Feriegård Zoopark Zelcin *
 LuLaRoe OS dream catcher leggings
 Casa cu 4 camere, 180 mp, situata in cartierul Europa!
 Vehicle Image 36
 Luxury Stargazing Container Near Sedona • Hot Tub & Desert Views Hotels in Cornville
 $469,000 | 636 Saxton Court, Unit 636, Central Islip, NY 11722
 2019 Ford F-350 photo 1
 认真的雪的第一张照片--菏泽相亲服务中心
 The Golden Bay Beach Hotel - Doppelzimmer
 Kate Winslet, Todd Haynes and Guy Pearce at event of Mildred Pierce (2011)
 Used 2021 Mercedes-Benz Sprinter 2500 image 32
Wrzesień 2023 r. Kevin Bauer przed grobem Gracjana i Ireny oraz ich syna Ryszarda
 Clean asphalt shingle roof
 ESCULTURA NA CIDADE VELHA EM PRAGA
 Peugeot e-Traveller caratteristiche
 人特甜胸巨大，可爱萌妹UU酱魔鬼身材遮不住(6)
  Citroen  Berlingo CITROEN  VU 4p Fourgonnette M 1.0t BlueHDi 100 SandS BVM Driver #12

What is being asked: Give again exactly, and only, the lines above starting at the one with "Luxury Stargazing Container" and ending at the one with "Used 2021 Mercedes-Benz".

Answer space:
 Luxury Stargazing Container Near Sedona • Hot Tub & Desert Views Hotels in Cornville
 $469,000 | 636 Saxton Court, Unit 636, Central Islip, NY 11722
 2019 Ford F-350 photo 1
 认真的雪的第一张照片--菏泽相亲服务中心
 The Golden Bay Beach Hotel - Doppelzimmer
 Kate Winslet, Todd Haynes and Guy Pearce at event of Mildred Pierce (2011)
 Used 2021 Mercedes-Benz Sprinter 2500 image 32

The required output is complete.